## PROMPT
From the entries below, print exactly the span beginning with the line holding "Imagens de satélite." and ending with the line holding "Green Baby Jogger Set", endpoints included, and skip any pictures.

## DATA UNDER STUDY

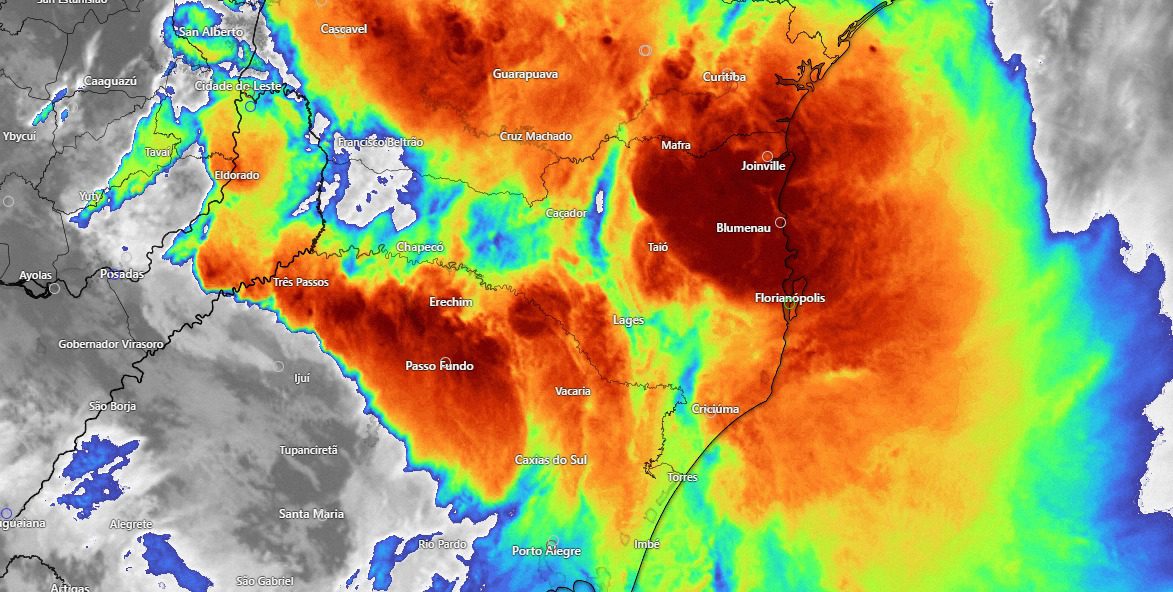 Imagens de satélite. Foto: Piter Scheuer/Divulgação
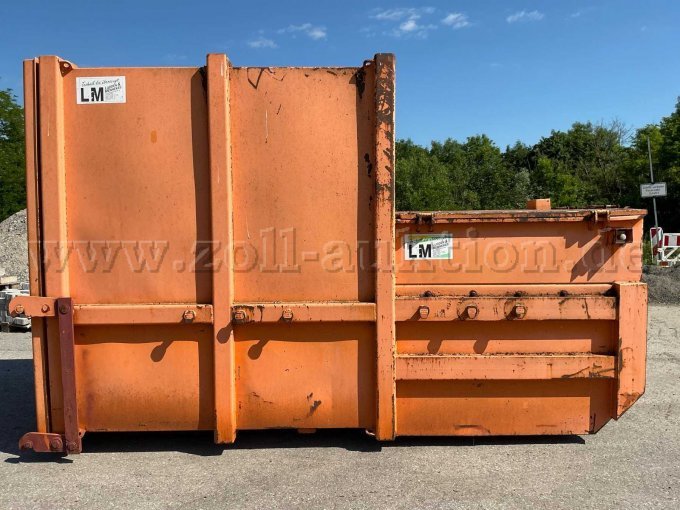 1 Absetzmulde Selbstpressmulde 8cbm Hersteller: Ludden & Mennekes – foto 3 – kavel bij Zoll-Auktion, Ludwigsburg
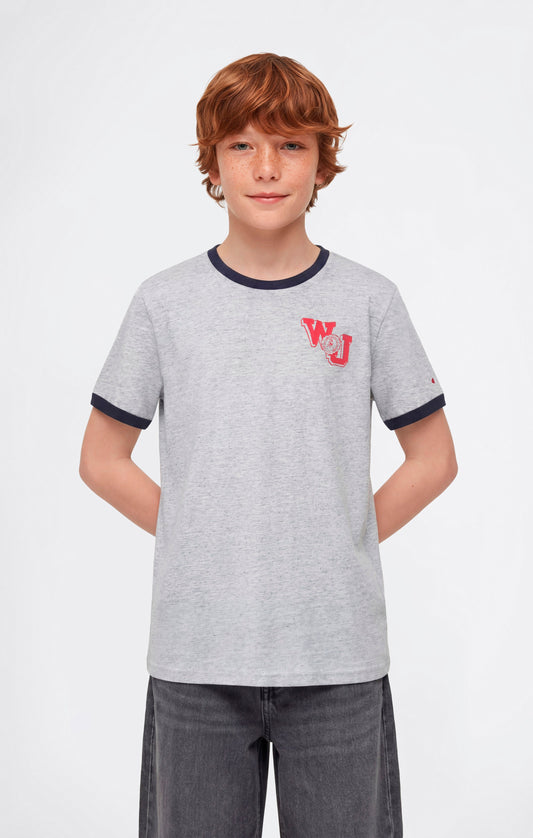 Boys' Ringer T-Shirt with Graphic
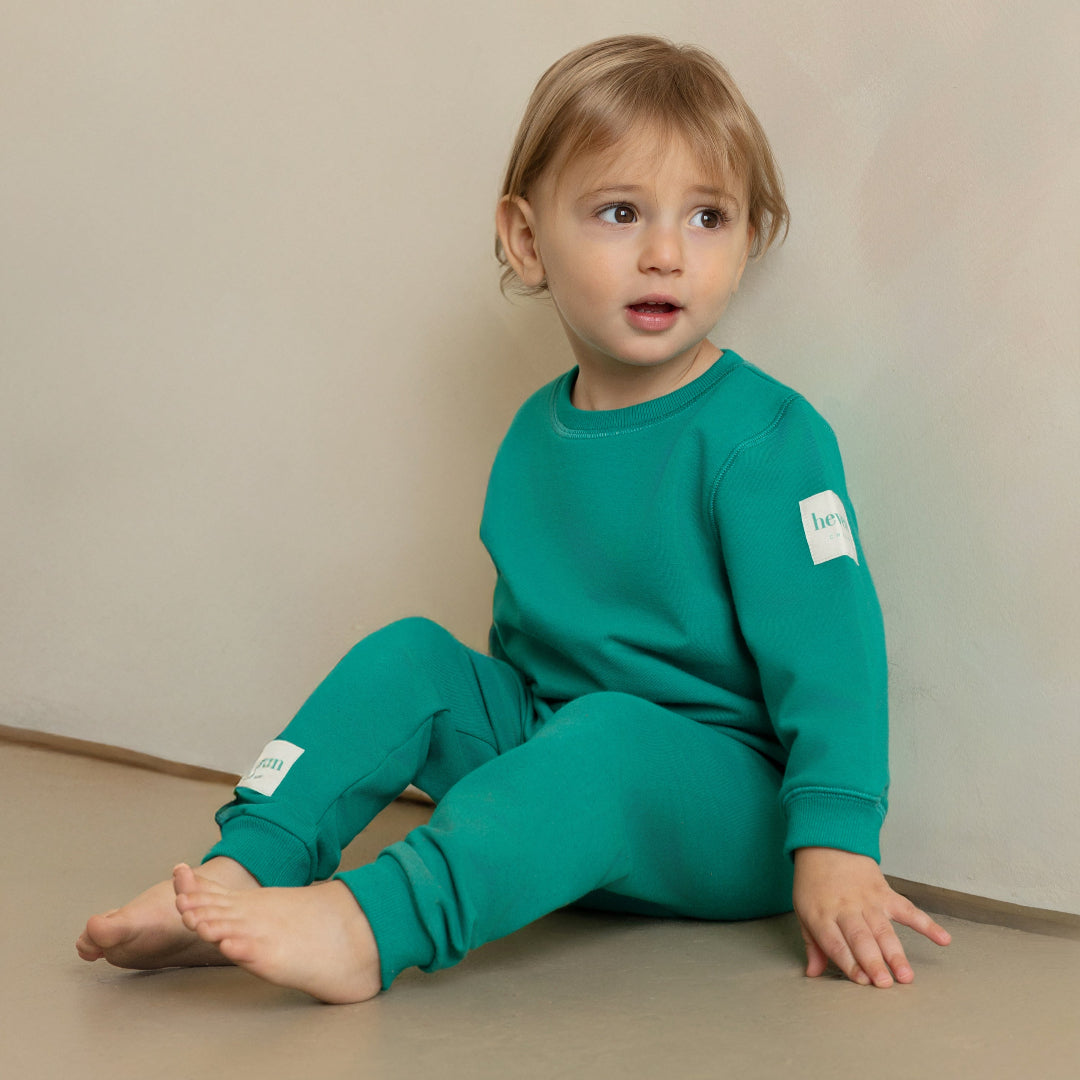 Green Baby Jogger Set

---

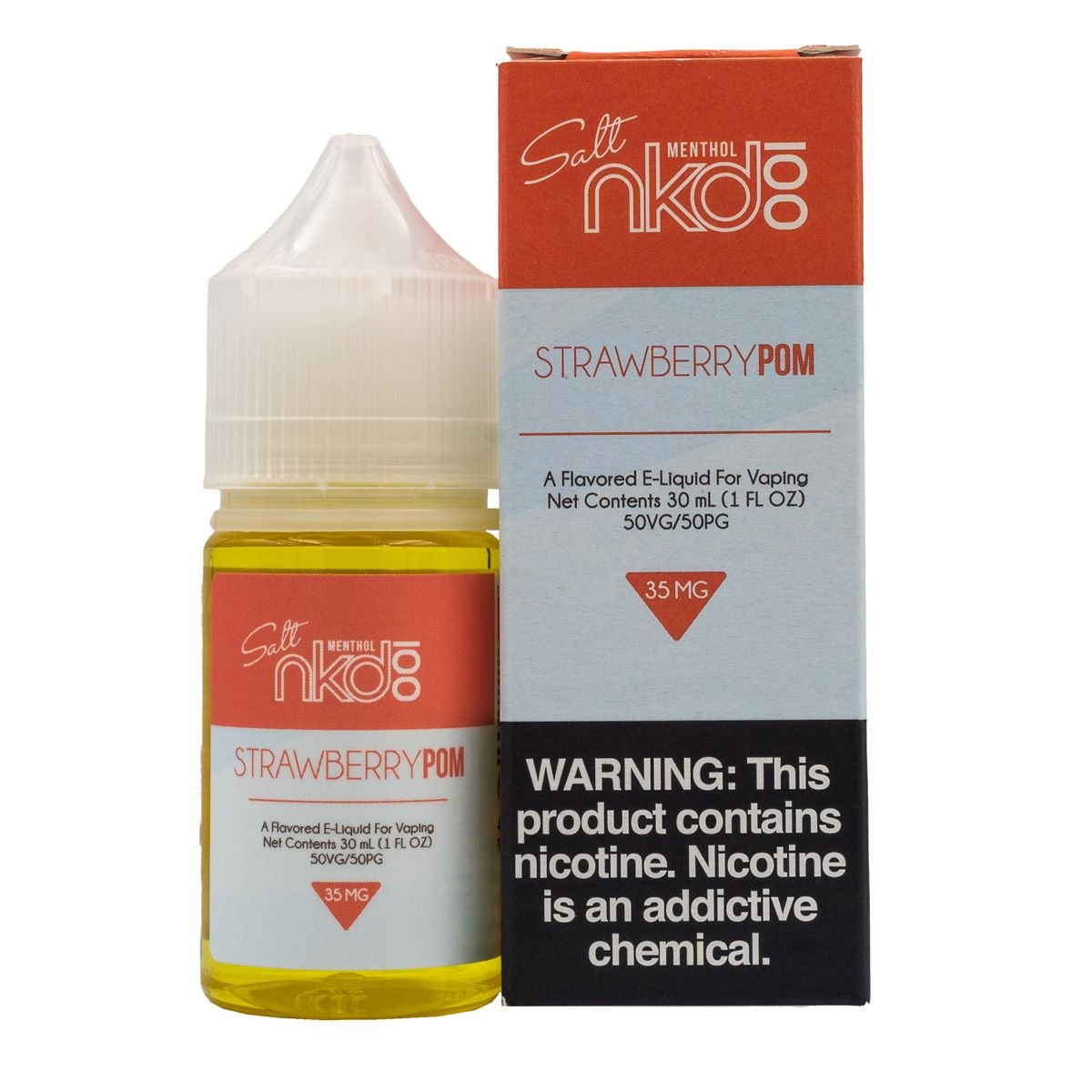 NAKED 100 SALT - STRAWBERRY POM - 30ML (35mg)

## RESULT OF THE TASK
 Imagens de satélite. Foto: Piter Scheuer/Divulgação
 1 Absetzmulde Selbstpressmulde 8cbm Hersteller: Ludden & Mennekes – foto 3 – kavel bij Zoll-Auktion, Ludwigsburg
 Boys' Ringer T-Shirt with Graphic
 Green Baby Jogger Set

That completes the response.